Смерть Михайлова. Как бы что-то осыпается. Я с ним виделся раза два в жизни, он был тягучий мечтатель. Почти хорошо, что его поздний русофильский фундаментализм не был длительным. — Меня очень тянет к Гаспарову, но его круговая оборона располагает наоборот к дуэли, и раза два я его задевал. В текстах; а на Круглом столе я молчал, кроме соображения о Мандельштаме. — Много говорили о Лотмане, больше как о символе структурализма, и я вспоминал Ваш его портрет, словесный, в начале Вашей короткой статьи о нем. Лучше, точнее собственно любой фотографии.
Я все жаднее хочу продолжения Вашего расположения; о чувстве Ольги к Вам я уже говорил. Она передает Вам поклон. Хорошо, если бы Вы написали, когда можно приехать — если можно — в Азаровку; допустим, Вы захотели бы вернуться с нами в Москву. 29 сентября в пятницу я уже снова в Москве. — С гордостью говорю, что еду во Фрейбург целиком на свои деньги, т.е. они собрались там наоборот все мне оплатить, но я смогу отказаться. Приятная, ранее незнакомая мне независимость. Хотя с другой стороны все-таки платит американец, Сорос, из-за моего «лауреатства» в конкурсе 1994 года. — Я хочу говорить о том, как в поэзии и философии отбрасывается язык как инструмент, средство и проступают признаки говорящего языка, не орудия.
Мне тепло думать, я догадываюсь, что в «Азаровке» в эти дни что-то происходит, является чего не было никогда. Вещи приходят как-то так, сразу, и известны уже когда еще не известны. От их появления в одном месте немножко сдвигается все и везде. Я не буду удивляться, если кто-то скажет что в космосе. Никто не знает, чему в конце концов равно человеческое присутствие. Простая логика и математика велят заметить, что ошибка воображать его частицей бесконечности пространства и времени.
У Лейбница монада и недостижима и только она действительно существует. Не могу удержаться, чтобы еще раз не записать все-таки решение загадки метафизического зла у Лейбница, которое нам с Ольгой не давалось года три. Идея зла.
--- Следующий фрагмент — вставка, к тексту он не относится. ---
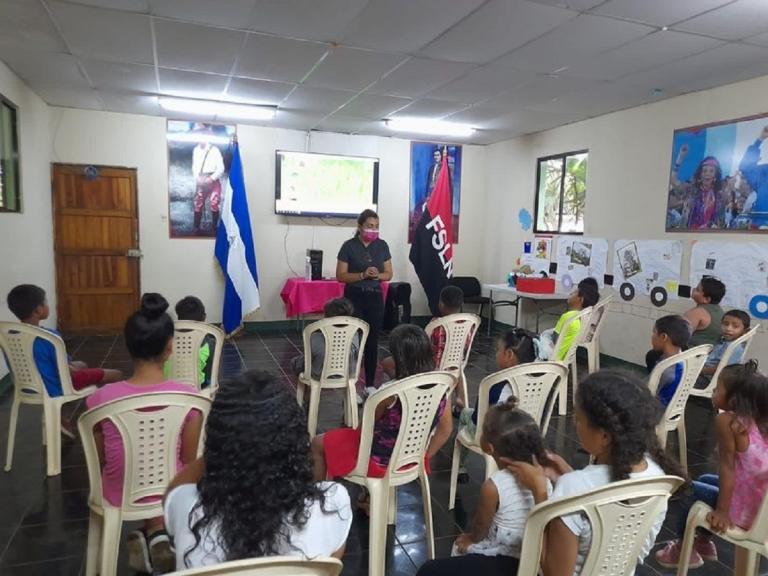 Niños reciben capacitación del INAFOR para evitar los incendios forestales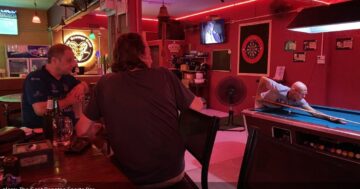 The Goat Bangtao Sports Bar в Бангтао — гостеприимный спортбар, где персонал включает нужный матч и создает атмосферу с пулом и дартсом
Идея коварного, свирепого стирания, сметания всего развернутого добра, мгновенно, злорадно, не от человека идет. Бог не хочет и не будет ее убирать. Без нее мир стал бы сразу пресным, он нуждается для своего блеска в том, чтобы была причина, почему невозможно ему быть и он все же есть. И больше: все должно быть, если сделано прочно, выверено огнем. Дальше, человек, которому подарено все от Бога, может нести идею зла? И в святости, и в мысли, и в поэзии на пределе зло — тоже как очистительный огонь. В рыхлом существовании человека несет от идеи зла. Но опять же он не учитывает прочности, с какой все устроено. В конце концов, как говорит владыка Антоний, ад («идея зла») будет вечно пылать, но там не окажется ни одного человека. — После этой разгадки я уже не боюсь кошмара согласившегося доброго человечества: такого просто никогда не будет, идея зла ради свежести и остроты мира никогда не угаснет. И нелепо бояться, что злой человек разрушит игрушку мира: материально, прав Лейбниц, Бог наоборот умеет мгновенно подхватить и направить все «зло», оно не успевает даже быть, к добру.